= Jaunlatvija =

Latvian political party

Jaunlatvija ("Young Latvia") was a political party in Latvia.

The party, described as socially liberal, was founded on March 28, 2009 at the congress held in the National Theatre in Riga. Didzis Šmits was elected its chairman. Its supporters included ex-president Guntis Ulmanis and scientist Jānis Stradiņš, although the two did not join the party ranks.

Among party declarations, of note were their desire to involve younger people in politics and to integrate non-citizens into Latvian society.

==Municipal elections, June 2009==

The party took part in municipal elections in the localities listed below and won 3 seats.
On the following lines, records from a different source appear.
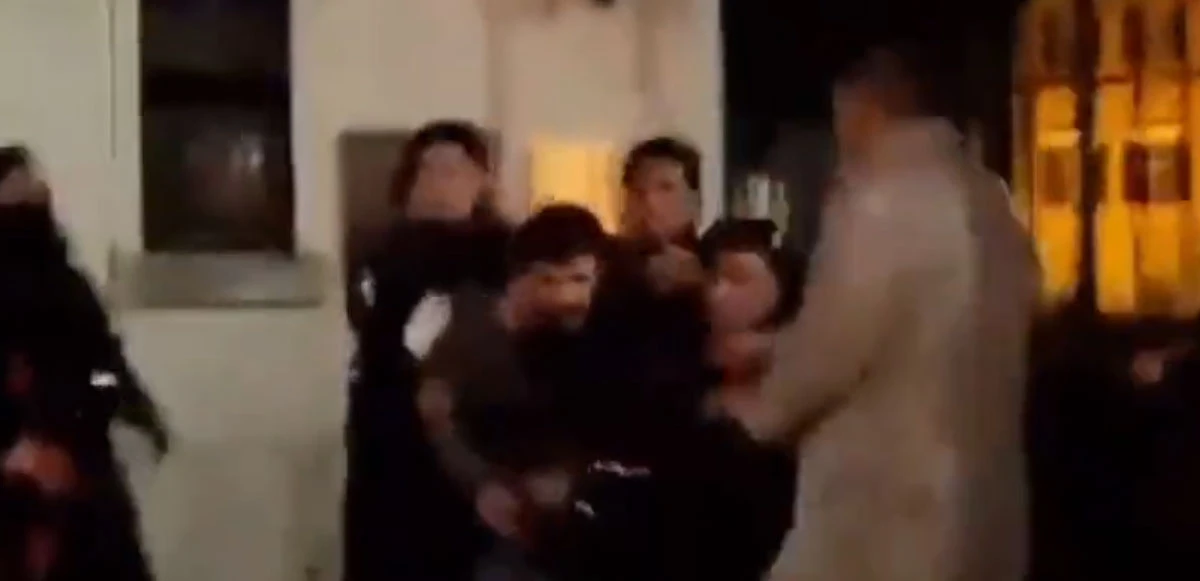 Kur'an-ı Kerim'in yakılması Beyoğlu’ndaki İsveç Başkonsolosluğu’nda protesto edildi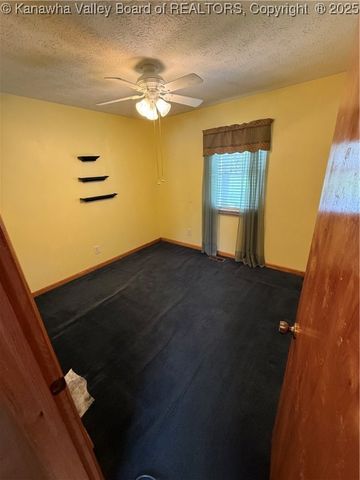 40 Hickory Lane, Madison, WV 25130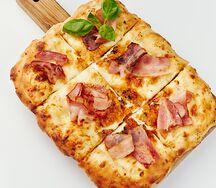 Пицца с беконом и сливочным сыром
- Riga (26 candidates): 0,31% of votes
- Tērvete (12 candidates): 9,51% of votes, 1 seat: Raivo Zalcmanis
- Babīte: 11.92%, 2 seats: Broņislavs Rimicāns, Ritvars Auziņš
- Daugavpils: 0.39%
- Daugavpils district: 2.33%
- Jēkabpils, 1.86%
- Kārsava: 3.79%

== Later activities ==
The party did not achieve any notable electoral success on the national stage in the future. In the run-up to the 2010 Latvian parliamentary election the party signed a cooperation agreement with the For a Good Latvia alliance, but unexpectedly voted against joining the list.

Jaunlatvija did not contest further elections and in April 2012 filed for dissolution. The party was dissolved on 15 August 2016.